Segment Open

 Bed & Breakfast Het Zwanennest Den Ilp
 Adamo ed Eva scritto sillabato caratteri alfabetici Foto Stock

Segment Closed
Segment Open

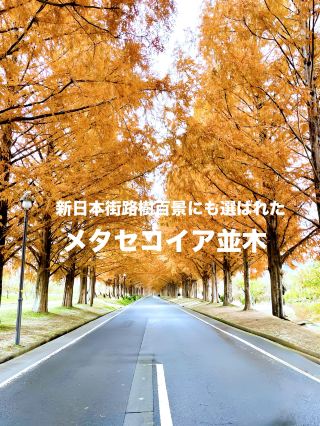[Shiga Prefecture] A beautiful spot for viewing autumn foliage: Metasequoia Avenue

Segment Closed

__About this exercise__:
Could you retype exactly the lines above, starting at the line that contains "Bed & Breakfast Het Zwanennest Den Ilp" and ending at the line that contains "Adamo ed Eva", and nothing more?

__Expected output__:
 Bed & Breakfast Het Zwanennest Den Ilp
 Adamo ed Eva scritto sillabato caratteri alfabetici Foto Stock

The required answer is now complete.